Secretary of State Michael R. Pompeo at Richard Nixon Presidential Library, in Yorba Linda, Calif., on July 23, 2020. (Ron Przysucha/U.S. State Department)
October 01, 2021

Former Secretary of State Mike Pompeo suggested this week that Gen. Mark Milley may have lied under oath to Congress about who had knowledge of his controversial phone calls with China’s top general in the final weeks of then-President Donald Trump’s term. A recently published book, “Peril” by journalists Bob Woodward and Robert Costa, claimed Milley had assured his Chinese counterparts that he would provide forewarning if Trump sought to launch an attack.

Pompeo rejected the chairman’s claim that he was informed about the calls, telling SiriusXM’s The Megyn Kelly Show on Wednesday that he has “no recollection of Gen. Milley briefing me in the way he described.”

“If he said, ‘Hey, I spoke with my Chinese counterparts yesterday,’ that wouldn’t have been something particularly memorable. It would have been relatively ordinary. I spoke with my Chinese counterparts from time to time, as well. Every senior leader in America would do that. But it’s the substance, Megyn,” Pompeo said. “If he in fact said ‘we will not attack you until we warn you,’ that’s just nutty. It’s certain that he did not tell Chief Meadows or I that…if I had heard it, I would have gone high and right.”

Pompeo added that what Milley testified and what Milley actually told him “aren’t remotely the same.”

In testimony before the Senate Armed Services Committee, Milley defended his communication with China, saying it was consistent with his leadership responsibilities. He also claimed eight other people were involved in the first call on October 30, and 11 were on the second call on January 8.

In an interview with Fox & Friends earlier this month, Pompeo said he is “always skeptical about Bob Woodward,” who helped write the controversial book.

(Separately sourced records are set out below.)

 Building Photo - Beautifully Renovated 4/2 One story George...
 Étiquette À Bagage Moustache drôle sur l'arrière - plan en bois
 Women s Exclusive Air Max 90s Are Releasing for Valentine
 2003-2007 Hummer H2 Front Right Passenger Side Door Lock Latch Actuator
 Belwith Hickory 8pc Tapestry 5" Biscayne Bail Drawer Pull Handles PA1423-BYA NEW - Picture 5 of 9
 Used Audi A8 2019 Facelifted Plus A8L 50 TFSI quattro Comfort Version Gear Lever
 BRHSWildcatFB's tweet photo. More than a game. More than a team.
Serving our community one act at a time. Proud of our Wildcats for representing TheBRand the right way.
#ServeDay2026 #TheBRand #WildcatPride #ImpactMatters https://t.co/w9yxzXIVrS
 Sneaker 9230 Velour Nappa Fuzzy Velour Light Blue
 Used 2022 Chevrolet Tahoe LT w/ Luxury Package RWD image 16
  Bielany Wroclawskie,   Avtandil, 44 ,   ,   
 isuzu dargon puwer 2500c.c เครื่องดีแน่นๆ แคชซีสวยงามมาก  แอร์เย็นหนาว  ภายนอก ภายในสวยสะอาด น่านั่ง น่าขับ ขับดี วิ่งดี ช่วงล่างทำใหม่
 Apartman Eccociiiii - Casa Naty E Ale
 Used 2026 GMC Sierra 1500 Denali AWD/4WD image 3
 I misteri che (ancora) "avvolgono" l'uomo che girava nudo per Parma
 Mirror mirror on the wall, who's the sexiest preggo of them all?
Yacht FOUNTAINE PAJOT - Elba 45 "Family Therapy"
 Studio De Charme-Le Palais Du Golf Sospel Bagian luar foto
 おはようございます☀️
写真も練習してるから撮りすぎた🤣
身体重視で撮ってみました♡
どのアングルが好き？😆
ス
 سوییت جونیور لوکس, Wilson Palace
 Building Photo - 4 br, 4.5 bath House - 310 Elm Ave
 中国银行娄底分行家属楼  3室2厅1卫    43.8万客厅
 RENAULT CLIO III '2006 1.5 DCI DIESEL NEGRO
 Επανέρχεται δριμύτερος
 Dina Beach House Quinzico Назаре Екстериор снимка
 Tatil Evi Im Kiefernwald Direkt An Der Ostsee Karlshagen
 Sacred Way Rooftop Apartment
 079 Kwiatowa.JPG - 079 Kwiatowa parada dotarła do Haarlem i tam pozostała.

“We will begin there. But if he did that. If General Milley called and told the Chinese Communist Party I promise you I will give you a holler before we attack, this is something that is deeply inconsistent with his responsibility,” Pompeo said. “He is not even in the chain of command, it would have been a tragic, horrible thing to do.”

John Ratcliffe, then the director of national intelligence, also subsequently denied involvement in the phone calls.

“There was no concerning intelligence that merited a call to his Chinese counterpart,” Ratcliffe told Fox News. He called Milley’s testimony “disingenuous and disappointing.”

“The reason that you know that I’m telling the truth when I saw that this was not an issue of concern is Gen. Milley was the principal military adviser to President Trump,” he continued. “The number of conversations that he had with President Trump about that issue was zero. I was the president’s principal intelligence adviser. The number of conversations I had about that intelligence with President Trump was zero.”

During Milley’s testimony this week, Senator Tom Cotton (R-AR) asked the chairman of the joint chiefs of staff on Tuesday why he did not resign over President Joe Biden’s decision to not keep U.S. troops in Afghanistan beyond August 31, to facilitate continued civilian evacuations from the country.

“I’m shocked to learn that your advice about staying in Afghanistan was rejected,” said Cotton, who is himself a former Army infantry officer. “I’m shocked to learn that your advice wasn’t sought until August 25th on staying past the August 31 deadline. I understand that you’re the principal military advisor, that you advise – you don’t decide, the president decides. But if all this is true Gen. Milley, why haven’t you resigned?”

Milley responded that “resigning is a very serious thing.”